— What you will do —
Transcribe every entry word for word, but drop the pictures.

+++ Record extracts

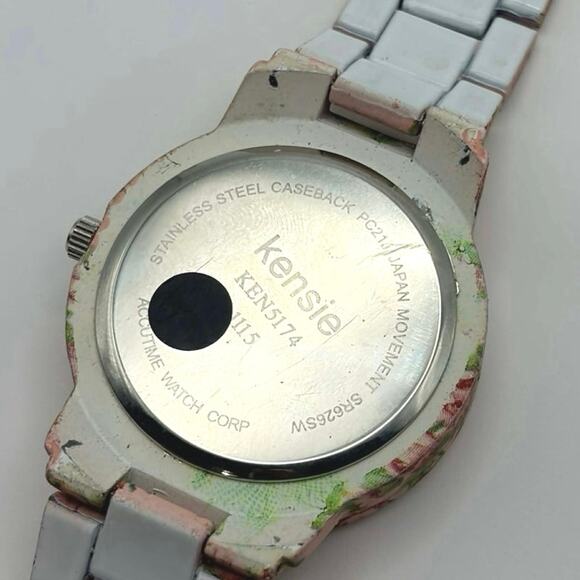 Pink Floral Kensie Watch - Picture 5 of 5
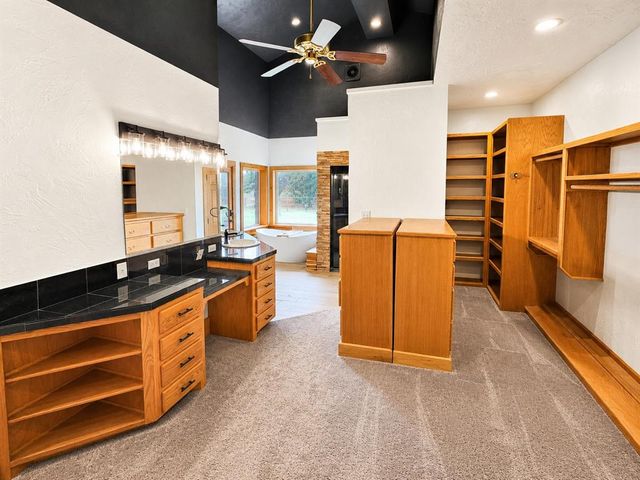 46069 County Street 2630 Street, Apache, OK 73006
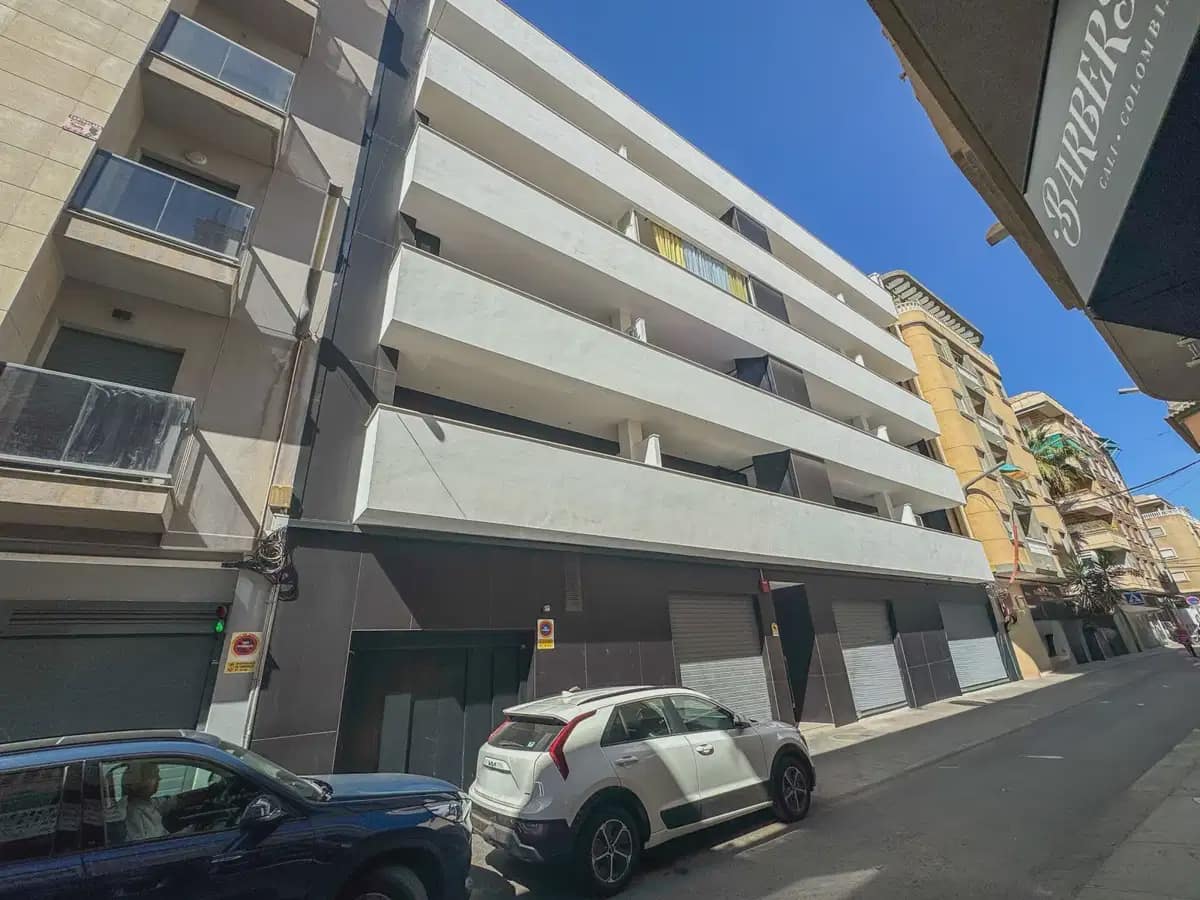 3 soveværelse Lejlighed til salg i Torrevieja med swimmingpool garage - € 379.000 (Ref: 10153263)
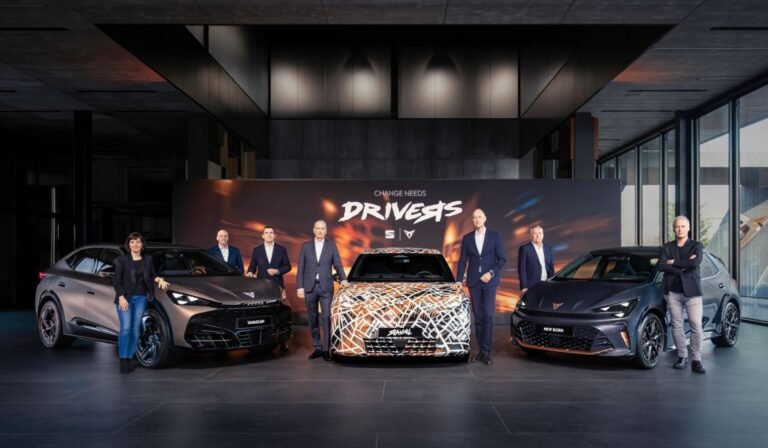 CUPRA Raval eléctrico urbano como parte de la estrategia de electrificación de SEAT y CUPRA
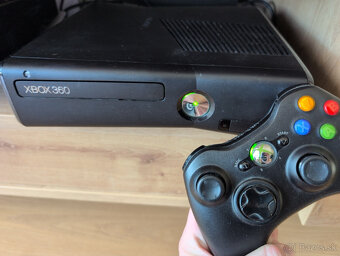 XBOX 360 + Kinect + 50 hier | RGH3 - 7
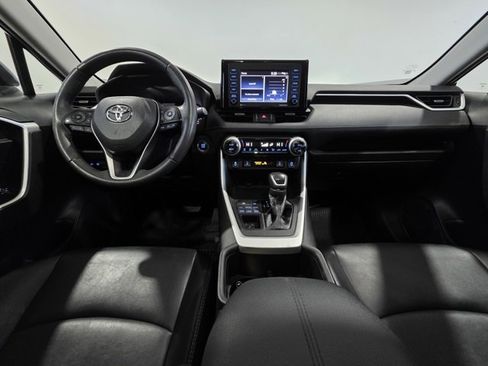 Used 2022 Toyota RAV4 XLE Premium image 14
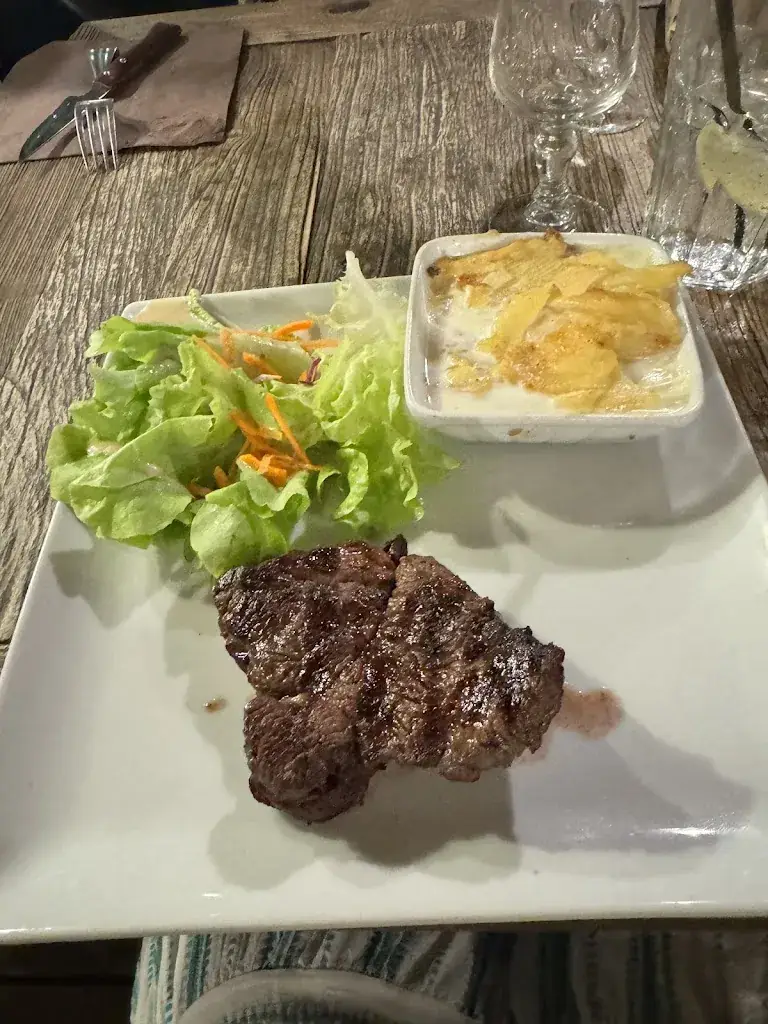 Kate Mcwell_Côté Palmier_Bormes-les-Mimosas_review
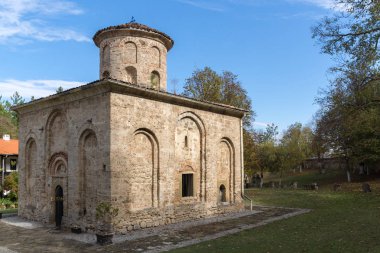 Zemen, Bulgaristan - 9 Ekim 2016: Ortaçağ Zemen Manastırı, Bulgaristan görünümünü şaşırtıcı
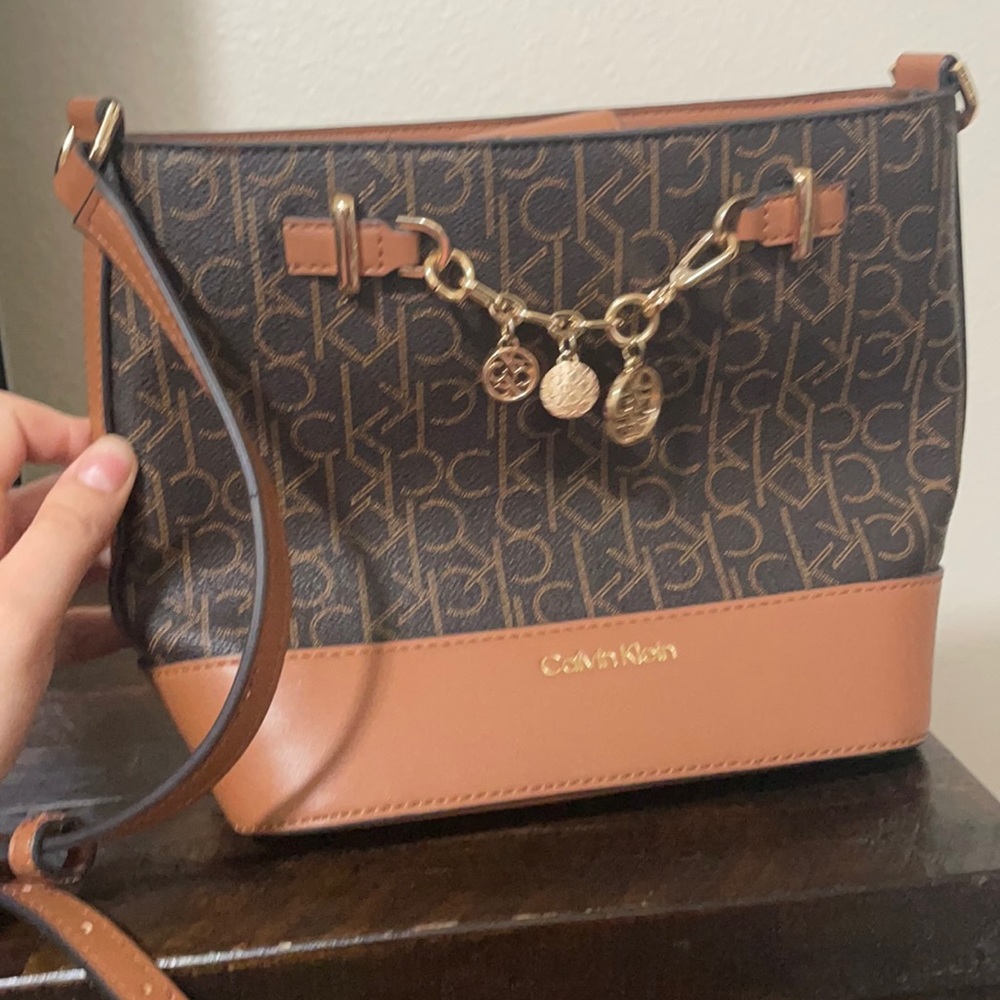Calvin Klein Adrina Crossbody Bag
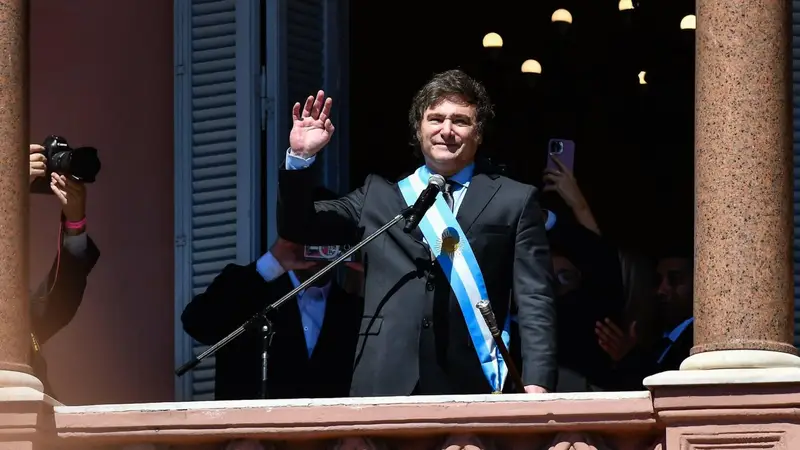 Milei, el ladrón de la Rosada: el editorial de Roberto Navarro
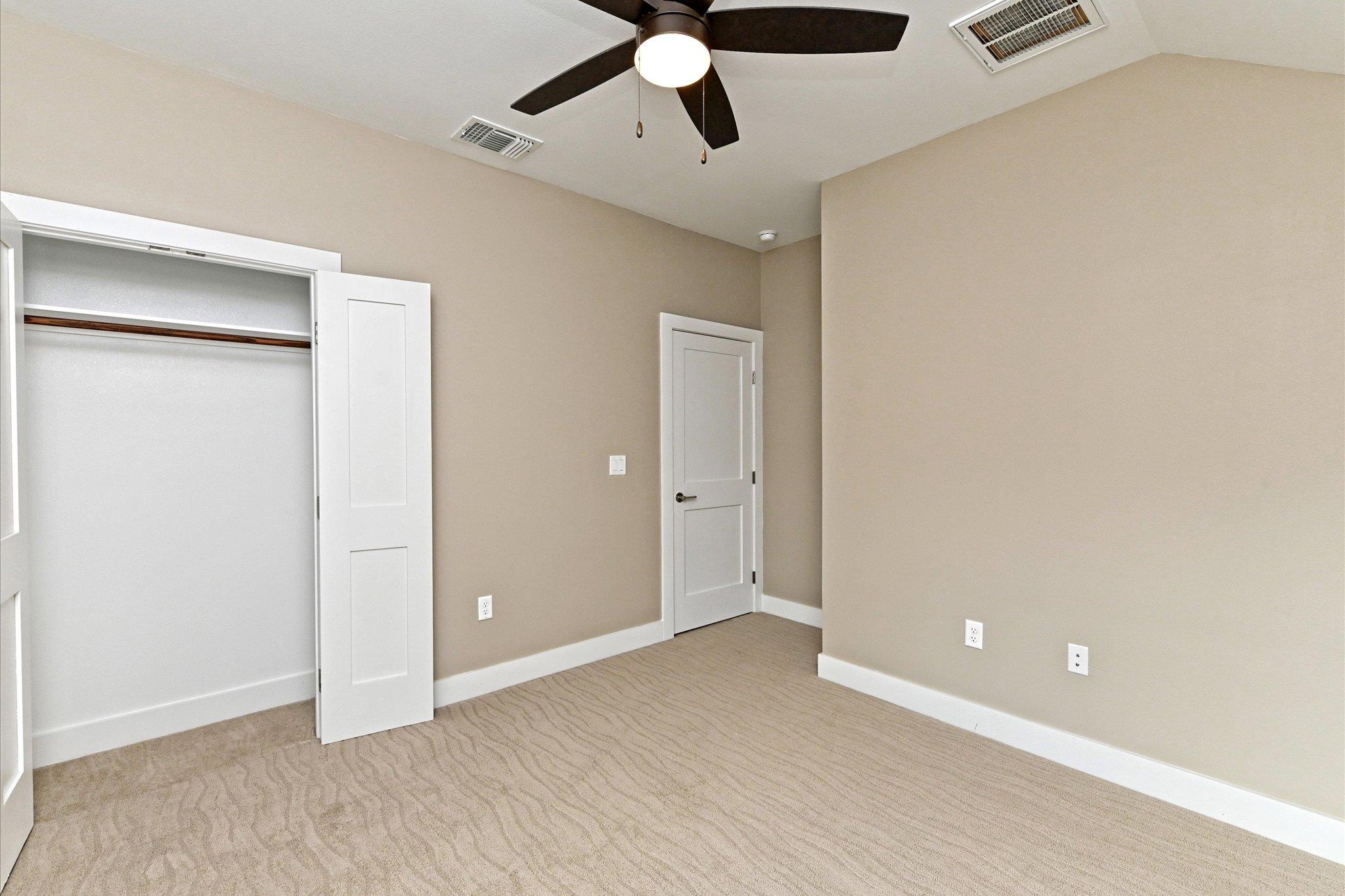 1202 Cometa St # B, Austin, TX 78721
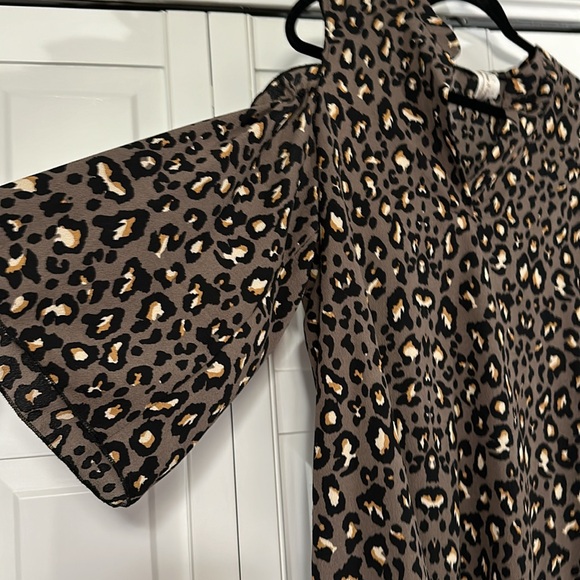 Women’s leopard top size large - Picture 2 of 3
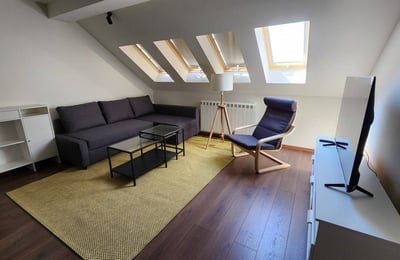 Helle, gemütliche Wohnung 52m² mit Terrasse zur Miete, Čukariča, Belgrad, Serbien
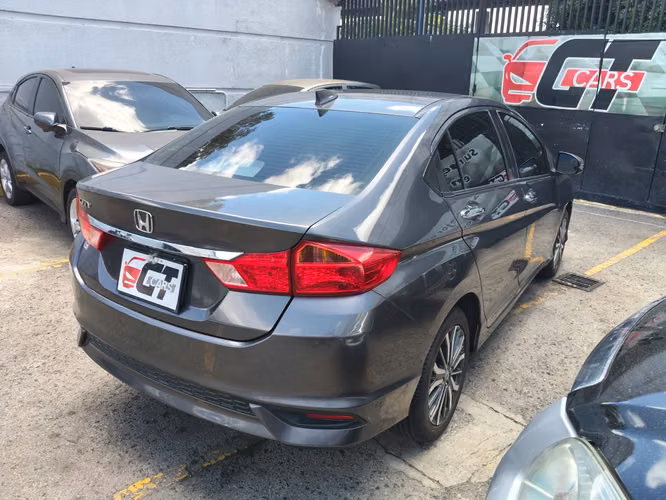 Honda City Ex 2020 de Agencia Automático un Dueño Super Económico pocos Kilómetros  - Imagen 2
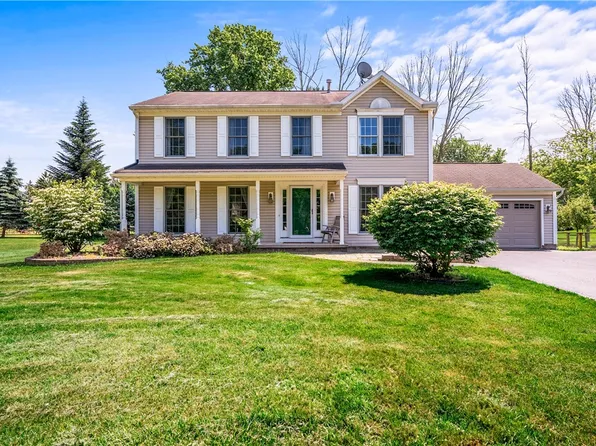 151 Crab Apple Ln, Rochester, NY 14626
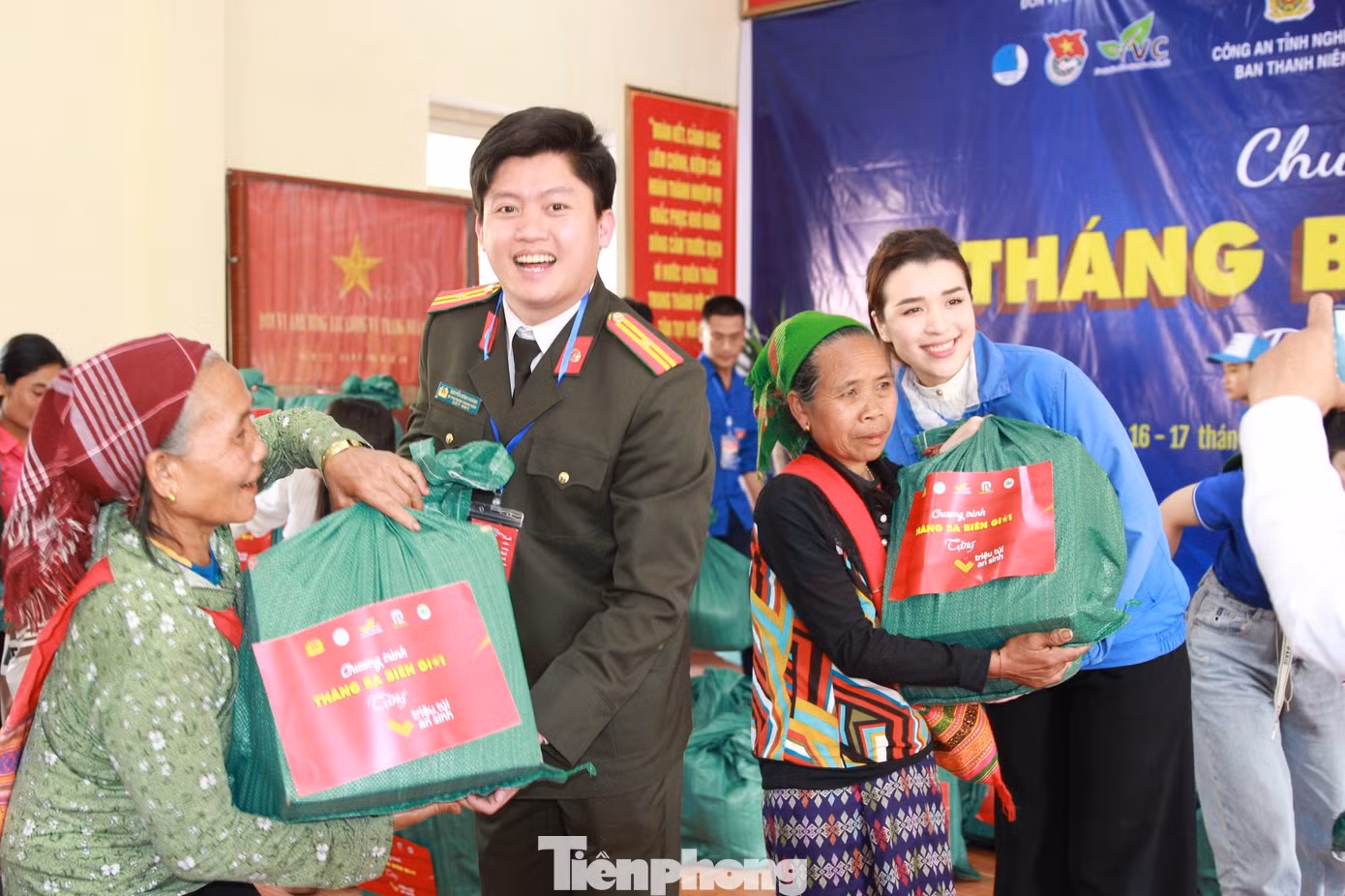 Thiếu tá Nguyễn Đình Khánh - Trưởng Ban Thanh niên Công an tỉnh Nghệ An và Á hậu 1 Biển đảo Việt Nam 2022 Hoàng Thùy Anh tặng quà cho người dân. Thiếu tá Nguyễn Đình Khánh - Trưởng Ban Thanh niên Công an tỉnh Nghệ An và Á hậu 1 Biển đảo Việt Nam 2022 Hoàng Thùy Anh tặng quà cho người dân.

++++++

— Answer to the problem —
 Pink Floral Kensie Watch - Picture 5 of 5
 46069 County Street 2630 Street, Apache, OK 73006
 3 soveværelse Lejlighed til salg i Torrevieja med swimmingpool garage - € 379.000 (Ref: 10153263)
 CUPRA Raval eléctrico urbano como parte de la estrategia de electrificación de SEAT y CUPRA
 XBOX 360 + Kinect + 50 hier | RGH3 - 7
 Used 2022 Toyota RAV4 XLE Premium image 14
 Kate Mcwell_Côté Palmier_Bormes-les-Mimosas_review
 Zemen, Bulgaristan - 9 Ekim 2016: Ortaçağ Zemen Manastırı, Bulgaristan görünümünü şaşırtıcı
Calvin Klein Adrina Crossbody Bag
 Milei, el ladrón de la Rosada: el editorial de Roberto Navarro
 1202 Cometa St # B, Austin, TX 78721
 Women’s leopard top size large - Picture 2 of 3
 Helle, gemütliche Wohnung 52m² mit Terrasse zur Miete, Čukariča, Belgrad, Serbien
 Honda City Ex 2020 de Agencia Automático un Dueño Super Económico pocos Kilómetros  - Imagen 2
 151 Crab Apple Ln, Rochester, NY 14626
 Thiếu tá Nguyễn Đình Khánh - Trưởng Ban Thanh niên Công an tỉnh Nghệ An và Á hậu 1 Biển đảo Việt Nam 2022 Hoàng Thùy Anh tặng quà cho người dân. Thiếu tá Nguyễn Đình Khánh - Trưởng Ban Thanh niên Công an tỉnh Nghệ An và Á hậu 1 Biển đảo Việt Nam 2022 Hoàng Thùy Anh tặng quà cho người dân.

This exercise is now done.